* _Work item_: Find the word "long" in the listing below. Copy every line that has it.

* _Excerpted data_:
____
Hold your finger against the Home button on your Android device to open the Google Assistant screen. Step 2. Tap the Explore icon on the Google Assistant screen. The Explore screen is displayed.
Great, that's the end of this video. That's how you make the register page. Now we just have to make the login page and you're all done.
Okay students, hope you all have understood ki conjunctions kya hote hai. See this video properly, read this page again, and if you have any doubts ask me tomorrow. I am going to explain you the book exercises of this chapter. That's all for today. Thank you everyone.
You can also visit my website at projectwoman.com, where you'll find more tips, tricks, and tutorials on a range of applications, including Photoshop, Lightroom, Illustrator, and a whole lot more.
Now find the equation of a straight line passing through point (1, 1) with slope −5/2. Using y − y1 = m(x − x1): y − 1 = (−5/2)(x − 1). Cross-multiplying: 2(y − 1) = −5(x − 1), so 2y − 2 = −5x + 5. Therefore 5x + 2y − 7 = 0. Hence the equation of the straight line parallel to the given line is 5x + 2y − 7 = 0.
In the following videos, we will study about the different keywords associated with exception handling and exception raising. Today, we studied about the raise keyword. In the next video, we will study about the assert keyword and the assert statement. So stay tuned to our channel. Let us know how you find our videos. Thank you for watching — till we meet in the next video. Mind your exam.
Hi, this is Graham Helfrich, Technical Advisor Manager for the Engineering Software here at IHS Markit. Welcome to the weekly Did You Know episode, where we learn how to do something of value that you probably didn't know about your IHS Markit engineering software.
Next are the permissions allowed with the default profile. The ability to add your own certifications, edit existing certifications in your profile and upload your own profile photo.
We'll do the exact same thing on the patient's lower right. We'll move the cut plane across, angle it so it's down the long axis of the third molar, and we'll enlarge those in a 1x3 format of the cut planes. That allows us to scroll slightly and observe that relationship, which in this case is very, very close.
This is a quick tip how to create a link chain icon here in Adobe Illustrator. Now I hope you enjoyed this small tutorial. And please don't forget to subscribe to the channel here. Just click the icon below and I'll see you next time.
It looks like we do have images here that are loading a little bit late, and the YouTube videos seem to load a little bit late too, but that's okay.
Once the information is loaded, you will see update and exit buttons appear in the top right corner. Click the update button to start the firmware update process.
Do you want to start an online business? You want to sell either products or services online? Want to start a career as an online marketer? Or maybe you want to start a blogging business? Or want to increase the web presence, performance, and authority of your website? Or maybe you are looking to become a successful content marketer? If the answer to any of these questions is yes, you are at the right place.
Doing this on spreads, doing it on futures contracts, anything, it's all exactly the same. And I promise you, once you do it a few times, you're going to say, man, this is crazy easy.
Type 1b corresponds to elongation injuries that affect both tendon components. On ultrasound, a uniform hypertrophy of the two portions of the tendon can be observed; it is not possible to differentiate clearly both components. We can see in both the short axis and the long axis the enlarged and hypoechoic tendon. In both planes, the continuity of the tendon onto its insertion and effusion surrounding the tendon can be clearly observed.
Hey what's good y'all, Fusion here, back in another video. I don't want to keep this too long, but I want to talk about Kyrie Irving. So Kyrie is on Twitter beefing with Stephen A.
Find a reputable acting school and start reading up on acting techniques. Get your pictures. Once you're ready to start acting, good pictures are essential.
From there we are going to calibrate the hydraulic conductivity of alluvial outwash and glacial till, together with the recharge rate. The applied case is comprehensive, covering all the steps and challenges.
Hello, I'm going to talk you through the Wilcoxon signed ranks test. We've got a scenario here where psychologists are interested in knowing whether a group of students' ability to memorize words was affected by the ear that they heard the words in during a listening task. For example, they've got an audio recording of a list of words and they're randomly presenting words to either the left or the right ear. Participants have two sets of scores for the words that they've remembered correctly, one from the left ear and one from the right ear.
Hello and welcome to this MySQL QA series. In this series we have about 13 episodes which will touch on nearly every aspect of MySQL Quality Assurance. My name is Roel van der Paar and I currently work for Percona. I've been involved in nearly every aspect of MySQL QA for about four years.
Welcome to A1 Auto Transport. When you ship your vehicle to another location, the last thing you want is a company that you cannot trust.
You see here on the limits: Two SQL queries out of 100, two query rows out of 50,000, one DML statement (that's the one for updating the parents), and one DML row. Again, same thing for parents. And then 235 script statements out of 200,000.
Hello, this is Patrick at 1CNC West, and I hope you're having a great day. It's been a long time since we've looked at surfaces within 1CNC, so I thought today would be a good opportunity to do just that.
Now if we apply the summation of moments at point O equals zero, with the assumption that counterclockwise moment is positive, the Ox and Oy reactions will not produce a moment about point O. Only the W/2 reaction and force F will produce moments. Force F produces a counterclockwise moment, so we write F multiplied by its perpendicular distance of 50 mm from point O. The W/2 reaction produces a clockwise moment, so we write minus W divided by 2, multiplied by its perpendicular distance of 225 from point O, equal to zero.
____
* _Finished exercise_:
We'll do the exact same thing on the patient's lower right. We'll move the cut plane across, angle it so it's down the long axis of the third molar, and we'll enlarge those in a 1x3 format of the cut planes. That allows us to scroll slightly and observe that relationship, which in this case is very, very close.
Type 1b corresponds to elongation injuries that affect both tendon components. On ultrasound, a uniform hypertrophy of the two portions of the tendon can be observed; it is not possible to differentiate clearly both components. We can see in both the short axis and the long axis the enlarged and hypoechoic tendon. In both planes, the continuity of the tendon onto its insertion and effusion surrounding the tendon can be clearly observed.
Hey what's good y'all, Fusion here, back in another video. I don't want to keep this too long, but I want to talk about Kyrie Irving. So Kyrie is on Twitter beefing with Stephen A.
Hello, this is Patrick at 1CNC West, and I hope you're having a great day. It's been a long time since we've looked at surfaces within 1CNC, so I thought today would be a good opportunity to do just that.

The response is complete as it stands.